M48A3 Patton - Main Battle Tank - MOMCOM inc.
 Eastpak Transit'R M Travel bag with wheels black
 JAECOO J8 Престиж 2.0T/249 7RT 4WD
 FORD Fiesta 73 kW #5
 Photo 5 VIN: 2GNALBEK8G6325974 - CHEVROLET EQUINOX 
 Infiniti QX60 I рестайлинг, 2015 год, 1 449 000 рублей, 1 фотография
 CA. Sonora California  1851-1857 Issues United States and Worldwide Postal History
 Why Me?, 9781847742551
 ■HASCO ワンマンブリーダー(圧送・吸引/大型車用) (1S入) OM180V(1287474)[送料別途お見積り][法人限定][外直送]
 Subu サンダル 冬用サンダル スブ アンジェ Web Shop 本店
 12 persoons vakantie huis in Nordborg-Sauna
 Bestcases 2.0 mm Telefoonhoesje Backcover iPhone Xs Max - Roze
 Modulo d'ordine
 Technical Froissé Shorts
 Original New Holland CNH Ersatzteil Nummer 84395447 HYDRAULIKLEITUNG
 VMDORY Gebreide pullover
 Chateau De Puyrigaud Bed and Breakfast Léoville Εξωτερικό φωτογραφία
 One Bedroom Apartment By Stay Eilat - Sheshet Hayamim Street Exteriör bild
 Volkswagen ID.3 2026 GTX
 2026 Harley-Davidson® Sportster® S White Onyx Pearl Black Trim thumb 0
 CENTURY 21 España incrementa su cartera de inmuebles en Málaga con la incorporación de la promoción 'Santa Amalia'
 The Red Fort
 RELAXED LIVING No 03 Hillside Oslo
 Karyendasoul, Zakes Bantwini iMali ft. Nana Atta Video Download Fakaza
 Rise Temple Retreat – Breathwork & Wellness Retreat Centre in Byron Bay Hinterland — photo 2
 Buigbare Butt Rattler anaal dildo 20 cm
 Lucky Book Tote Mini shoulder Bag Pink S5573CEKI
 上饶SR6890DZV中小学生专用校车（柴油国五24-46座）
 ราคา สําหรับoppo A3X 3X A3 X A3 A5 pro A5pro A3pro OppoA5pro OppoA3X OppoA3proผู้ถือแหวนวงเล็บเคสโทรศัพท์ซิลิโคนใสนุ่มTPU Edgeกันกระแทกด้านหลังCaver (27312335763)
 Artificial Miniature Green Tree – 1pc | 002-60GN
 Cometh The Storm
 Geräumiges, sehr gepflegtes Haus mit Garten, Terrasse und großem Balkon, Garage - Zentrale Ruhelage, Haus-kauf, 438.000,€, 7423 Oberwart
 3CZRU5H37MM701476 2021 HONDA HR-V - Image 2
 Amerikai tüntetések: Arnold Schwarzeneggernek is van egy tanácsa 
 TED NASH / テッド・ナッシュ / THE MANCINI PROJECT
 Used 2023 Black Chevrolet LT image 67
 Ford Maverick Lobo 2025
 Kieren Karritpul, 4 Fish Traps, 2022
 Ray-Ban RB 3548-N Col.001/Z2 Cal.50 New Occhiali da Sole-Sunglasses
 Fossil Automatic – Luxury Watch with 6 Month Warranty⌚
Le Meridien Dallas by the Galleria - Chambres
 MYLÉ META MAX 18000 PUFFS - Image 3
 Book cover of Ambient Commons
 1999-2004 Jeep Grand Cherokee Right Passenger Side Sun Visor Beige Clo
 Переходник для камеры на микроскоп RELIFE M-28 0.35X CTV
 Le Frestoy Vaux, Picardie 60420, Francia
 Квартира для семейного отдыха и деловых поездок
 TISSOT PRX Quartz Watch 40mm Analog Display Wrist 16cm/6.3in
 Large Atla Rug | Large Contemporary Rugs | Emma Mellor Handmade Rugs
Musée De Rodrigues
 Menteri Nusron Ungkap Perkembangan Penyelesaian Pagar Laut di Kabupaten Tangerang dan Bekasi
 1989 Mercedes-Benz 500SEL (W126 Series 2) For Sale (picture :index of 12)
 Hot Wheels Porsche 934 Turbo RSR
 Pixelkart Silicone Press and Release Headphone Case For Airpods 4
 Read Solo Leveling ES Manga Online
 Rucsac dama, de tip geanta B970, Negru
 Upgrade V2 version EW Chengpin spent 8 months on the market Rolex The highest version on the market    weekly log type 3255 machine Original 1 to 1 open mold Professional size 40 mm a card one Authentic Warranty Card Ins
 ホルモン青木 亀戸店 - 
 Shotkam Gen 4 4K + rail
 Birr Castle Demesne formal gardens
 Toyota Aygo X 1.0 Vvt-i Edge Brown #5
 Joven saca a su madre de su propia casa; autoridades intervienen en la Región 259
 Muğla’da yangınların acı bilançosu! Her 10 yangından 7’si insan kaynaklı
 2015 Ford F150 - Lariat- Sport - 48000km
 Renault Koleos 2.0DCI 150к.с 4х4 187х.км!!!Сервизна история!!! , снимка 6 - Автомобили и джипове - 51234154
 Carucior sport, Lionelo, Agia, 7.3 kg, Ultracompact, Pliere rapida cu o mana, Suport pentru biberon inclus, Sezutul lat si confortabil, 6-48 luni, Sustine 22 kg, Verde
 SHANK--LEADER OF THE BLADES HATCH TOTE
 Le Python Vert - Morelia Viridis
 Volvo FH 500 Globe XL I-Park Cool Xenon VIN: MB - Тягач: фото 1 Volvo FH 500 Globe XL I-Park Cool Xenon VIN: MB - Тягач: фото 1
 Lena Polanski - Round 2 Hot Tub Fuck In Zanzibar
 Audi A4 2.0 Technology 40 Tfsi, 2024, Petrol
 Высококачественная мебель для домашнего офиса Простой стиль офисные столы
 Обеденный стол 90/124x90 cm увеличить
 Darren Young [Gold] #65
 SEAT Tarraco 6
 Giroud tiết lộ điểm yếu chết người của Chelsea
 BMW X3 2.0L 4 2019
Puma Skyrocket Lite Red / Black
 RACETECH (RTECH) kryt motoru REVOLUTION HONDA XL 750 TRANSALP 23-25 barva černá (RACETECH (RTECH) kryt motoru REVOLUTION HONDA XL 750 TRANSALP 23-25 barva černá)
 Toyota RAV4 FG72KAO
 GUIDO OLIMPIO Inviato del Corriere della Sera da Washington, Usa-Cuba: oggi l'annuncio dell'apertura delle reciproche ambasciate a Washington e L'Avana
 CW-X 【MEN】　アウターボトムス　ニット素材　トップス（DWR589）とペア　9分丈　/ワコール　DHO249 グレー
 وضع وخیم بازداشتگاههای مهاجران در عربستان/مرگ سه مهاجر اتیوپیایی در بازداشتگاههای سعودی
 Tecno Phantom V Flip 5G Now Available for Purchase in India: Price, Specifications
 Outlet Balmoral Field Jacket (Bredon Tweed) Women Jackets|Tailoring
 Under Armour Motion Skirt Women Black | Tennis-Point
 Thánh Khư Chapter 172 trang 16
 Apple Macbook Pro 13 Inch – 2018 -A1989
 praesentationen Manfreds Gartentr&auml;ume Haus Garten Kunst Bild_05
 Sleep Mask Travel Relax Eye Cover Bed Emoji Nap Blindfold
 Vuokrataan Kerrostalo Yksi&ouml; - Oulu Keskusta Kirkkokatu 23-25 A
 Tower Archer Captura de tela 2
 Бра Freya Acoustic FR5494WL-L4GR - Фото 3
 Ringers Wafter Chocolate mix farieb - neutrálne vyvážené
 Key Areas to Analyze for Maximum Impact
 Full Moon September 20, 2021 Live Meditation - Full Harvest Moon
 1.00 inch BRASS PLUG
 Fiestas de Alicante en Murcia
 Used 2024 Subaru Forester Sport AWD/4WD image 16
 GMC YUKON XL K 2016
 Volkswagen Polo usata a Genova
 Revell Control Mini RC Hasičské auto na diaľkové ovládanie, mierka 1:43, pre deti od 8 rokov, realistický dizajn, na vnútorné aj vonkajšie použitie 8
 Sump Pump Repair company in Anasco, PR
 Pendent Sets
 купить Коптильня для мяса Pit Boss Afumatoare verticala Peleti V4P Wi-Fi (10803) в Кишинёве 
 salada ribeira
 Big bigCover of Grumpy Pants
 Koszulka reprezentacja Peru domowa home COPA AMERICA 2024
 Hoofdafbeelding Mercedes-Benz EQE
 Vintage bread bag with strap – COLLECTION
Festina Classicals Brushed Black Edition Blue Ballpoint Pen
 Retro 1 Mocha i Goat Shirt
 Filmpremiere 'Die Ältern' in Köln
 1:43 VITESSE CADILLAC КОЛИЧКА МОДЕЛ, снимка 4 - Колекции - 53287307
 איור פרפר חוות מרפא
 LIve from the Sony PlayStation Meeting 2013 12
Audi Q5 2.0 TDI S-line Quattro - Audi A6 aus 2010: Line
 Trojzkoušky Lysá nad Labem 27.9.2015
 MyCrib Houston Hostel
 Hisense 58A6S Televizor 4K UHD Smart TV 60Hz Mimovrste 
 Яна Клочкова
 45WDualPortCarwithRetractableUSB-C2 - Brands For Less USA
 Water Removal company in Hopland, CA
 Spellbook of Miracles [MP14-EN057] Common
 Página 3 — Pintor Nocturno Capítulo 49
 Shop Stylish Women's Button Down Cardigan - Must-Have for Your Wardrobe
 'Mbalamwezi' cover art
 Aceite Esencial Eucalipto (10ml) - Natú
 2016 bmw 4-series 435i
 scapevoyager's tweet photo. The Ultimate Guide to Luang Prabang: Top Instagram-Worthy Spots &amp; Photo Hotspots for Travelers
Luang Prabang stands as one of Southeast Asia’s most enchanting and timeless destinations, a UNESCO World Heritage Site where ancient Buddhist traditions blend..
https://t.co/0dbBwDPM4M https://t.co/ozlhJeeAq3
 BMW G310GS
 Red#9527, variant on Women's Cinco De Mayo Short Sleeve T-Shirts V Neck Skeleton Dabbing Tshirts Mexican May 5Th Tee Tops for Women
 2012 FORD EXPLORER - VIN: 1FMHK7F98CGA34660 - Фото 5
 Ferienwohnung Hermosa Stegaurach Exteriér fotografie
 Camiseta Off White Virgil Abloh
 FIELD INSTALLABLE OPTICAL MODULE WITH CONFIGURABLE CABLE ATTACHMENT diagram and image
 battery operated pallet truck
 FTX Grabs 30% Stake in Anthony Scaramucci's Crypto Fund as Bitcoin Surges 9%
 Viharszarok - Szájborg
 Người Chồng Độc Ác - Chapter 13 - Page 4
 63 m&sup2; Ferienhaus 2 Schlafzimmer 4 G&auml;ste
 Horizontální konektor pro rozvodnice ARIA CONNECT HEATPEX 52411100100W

_Your assignment_:
Please reproduce, exactly as they appear above, the lines from the line containing "2026 Harley-Davidson® Sportster®" up to and including the line containing "Book cover of Ambient Commons".

_Response_:
 2026 Harley-Davidson® Sportster® S White Onyx Pearl Black Trim thumb 0
 CENTURY 21 España incrementa su cartera de inmuebles en Málaga con la incorporación de la promoción 'Santa Amalia'
 The Red Fort
 RELAXED LIVING No 03 Hillside Oslo
 Karyendasoul, Zakes Bantwini iMali ft. Nana Atta Video Download Fakaza
 Rise Temple Retreat – Breathwork & Wellness Retreat Centre in Byron Bay Hinterland — photo 2
 Buigbare Butt Rattler anaal dildo 20 cm
 Lucky Book Tote Mini shoulder Bag Pink S5573CEKI
 上饶SR6890DZV中小学生专用校车（柴油国五24-46座）
 ราคา สําหรับoppo A3X 3X A3 X A3 A5 pro A5pro A3pro OppoA5pro OppoA3X OppoA3proผู้ถือแหวนวงเล็บเคสโทรศัพท์ซิลิโคนใสนุ่มTPU Edgeกันกระแทกด้านหลังCaver (27312335763)
 Artificial Miniature Green Tree – 1pc | 002-60GN
 Cometh The Storm
 Geräumiges, sehr gepflegtes Haus mit Garten, Terrasse und großem Balkon, Garage - Zentrale Ruhelage, Haus-kauf, 438.000,€, 7423 Oberwart
 3CZRU5H37MM701476 2021 HONDA HR-V - Image 2
 Amerikai tüntetések: Arnold Schwarzeneggernek is van egy tanácsa 
 TED NASH / テッド・ナッシュ / THE MANCINI PROJECT
 Used 2023 Black Chevrolet LT image 67
 Ford Maverick Lobo 2025
 Kieren Karritpul, 4 Fish Traps, 2022
 Ray-Ban RB 3548-N Col.001/Z2 Cal.50 New Occhiali da Sole-Sunglasses
 Fossil Automatic – Luxury Watch with 6 Month Warranty⌚
Le Meridien Dallas by the Galleria - Chambres
 MYLÉ META MAX 18000 PUFFS - Image 3
 Book cover of Ambient Commons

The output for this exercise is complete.